- _Aim of the task_
Which lines run from the one with "Pro Grade 395Nm" through the end of the data? Retype them exactly, without pictures.

Crawled caption data:
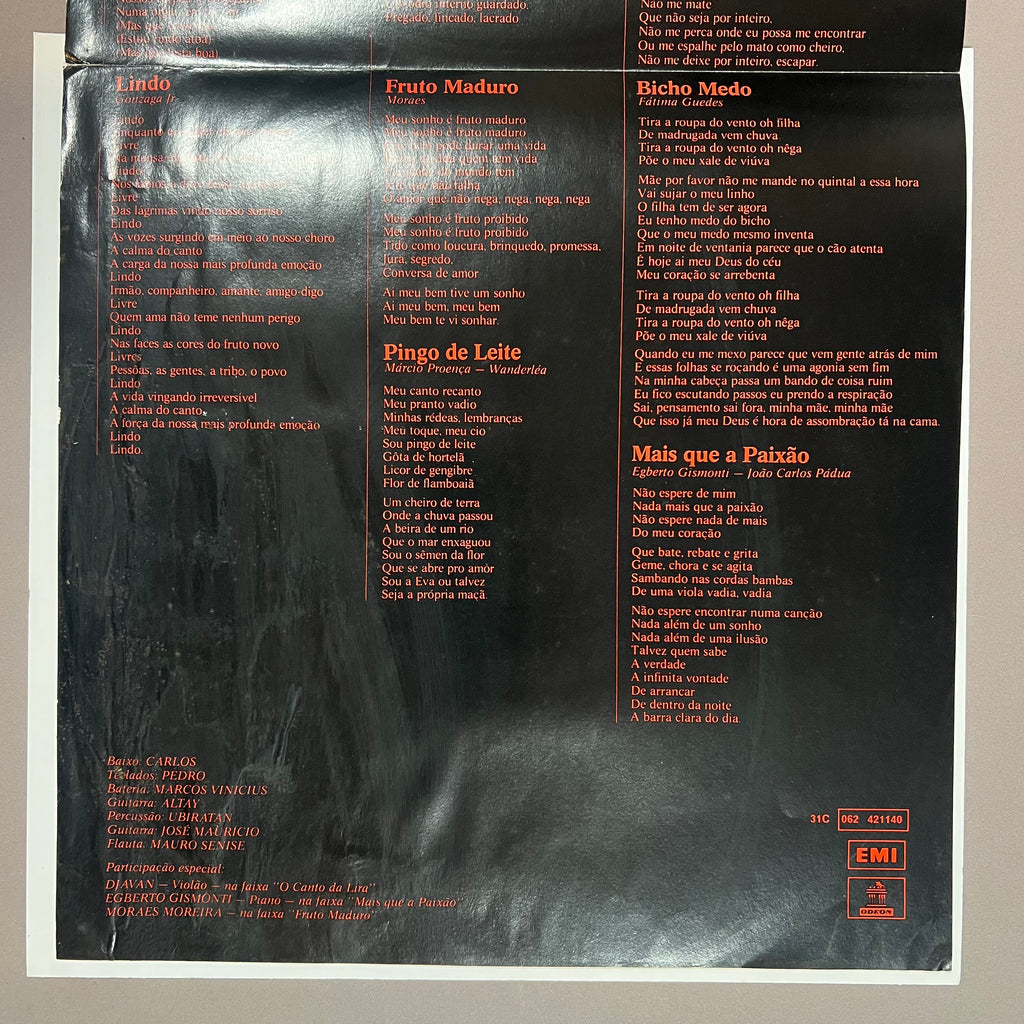 Wanderlea – Mais Que A Paixão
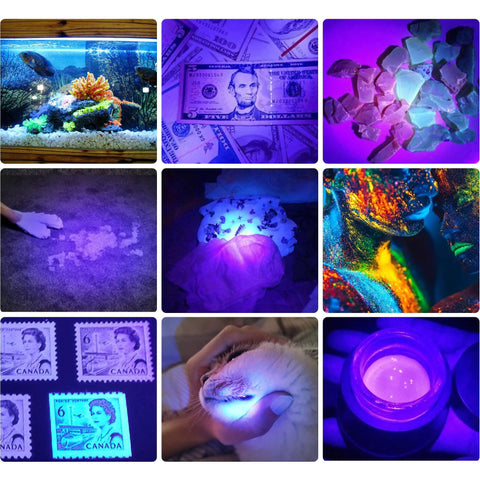 Pro Grade 395Nm UV Black Light Flashlight on aquarium, money, stones, pet stains, artwork, stamps, cat, resin in dark environment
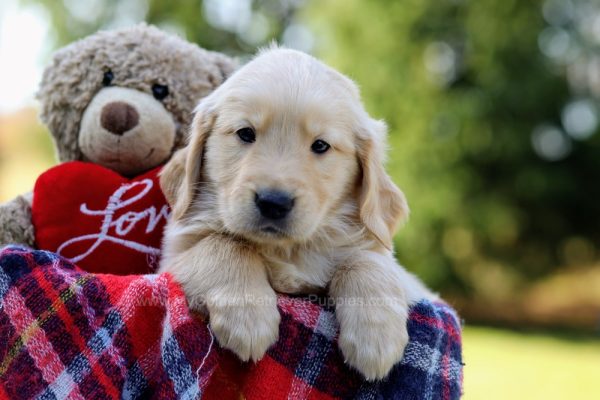 Image of Dakota, a Golden Retriever puppy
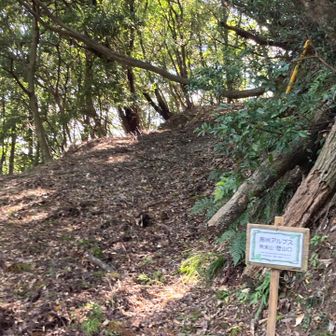 ようやく登山口、落ち葉多いです。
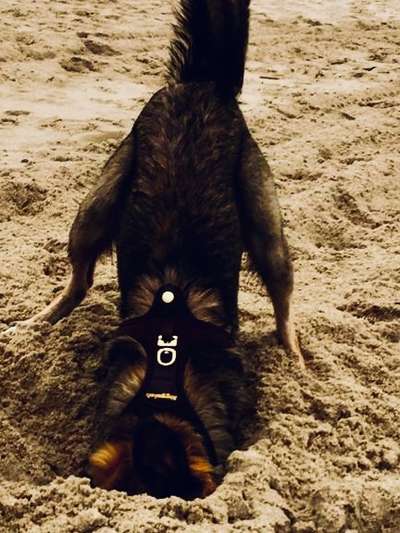 Dogorama Photo Challenge - Buddeln-Beitrag-Bild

- _Response to the exercise_
 Pro Grade 395Nm UV Black Light Flashlight on aquarium, money, stones, pet stains, artwork, stamps, cat, resin in dark environment
 Image of Dakota, a Golden Retriever puppy
 ようやく登山口、落ち葉多いです。
 Dogorama Photo Challenge - Buddeln-Beitrag-Bild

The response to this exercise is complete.